The U.S. Forest Service and Bureau of Land Management have announced they plan to keep some recreation areas open to the public, but mostly without services. Most employees from those agencies will be temporarily furloughed, except for law enforcement and other positions needed to protect life and property.

Members of Montana’s congressional delegation have all criticized the shutdown.

Republican Sen. Steve Daines called on the Senate to take the “nuclear option”: abolishing the legislative filibuster so a proposed funding bill with $5 billion in funding for a border wall can pass the Senate with a simple majority instead of a 60-vote supermajority. His suggestion drew praise from President Trump.

“The American people deserve a government that is open and funded, and a border that is secure,” Daines said on Twitter.

Democratic Sen.
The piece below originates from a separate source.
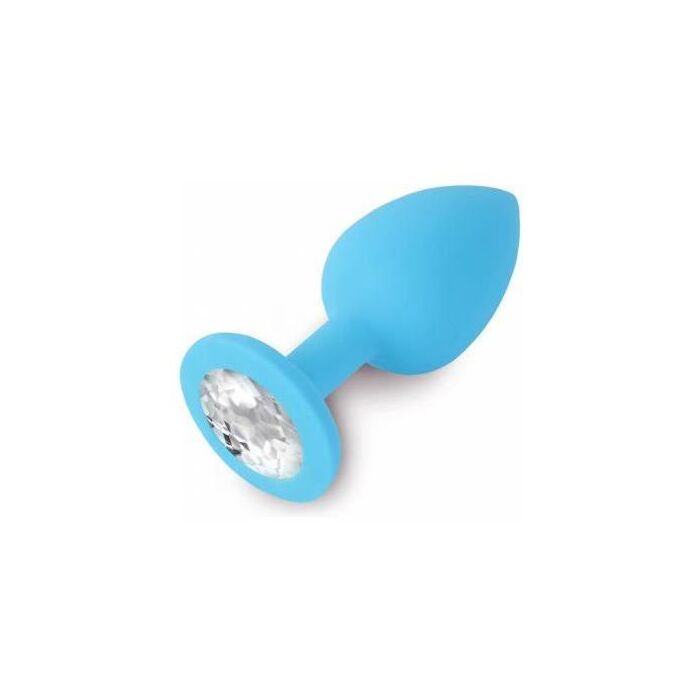 Branchez bijoux anal silicone bleu / diamant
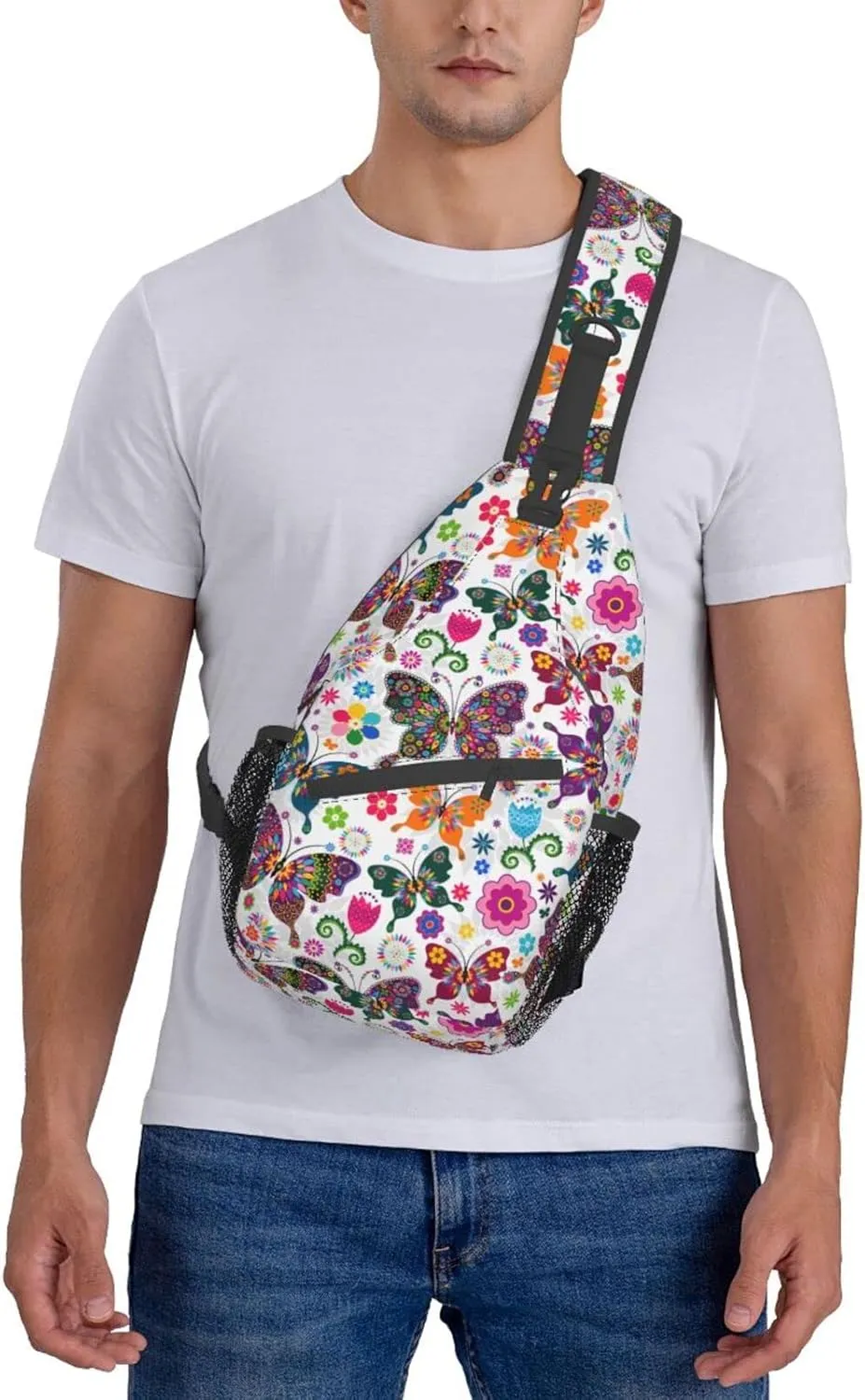 Butterfly and Flowers Sling Bag Crossbody Backpack Travel Hiking Daypack Chest Shoulder Bag for Women Men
Jon Tester argued there has already been substantial progress on immigration security. He said the president will need to take the lead in reaching an agreement.

“Republicans and Democrats in the Senate already agreed to a plan to secure our borders and keep the government open,” Tester said in a statement. “It is time for President Trump to work with Republicans and Democrats and stop treating American taxpayers like an ATM.”

On Thursday, Rep. Greg Gianforte spoke on the House floor, saying the shutdown was unnecessary and calling for lawmakers to take stronger action on both the border and on public lands issues.

“We could just kick the can here – on government funding, on our public lands and on border security,” he said. “All because Chuck Schumer and Nancy Pelosi are folding their arms, shaking their heads no, and refusing to secure our border.”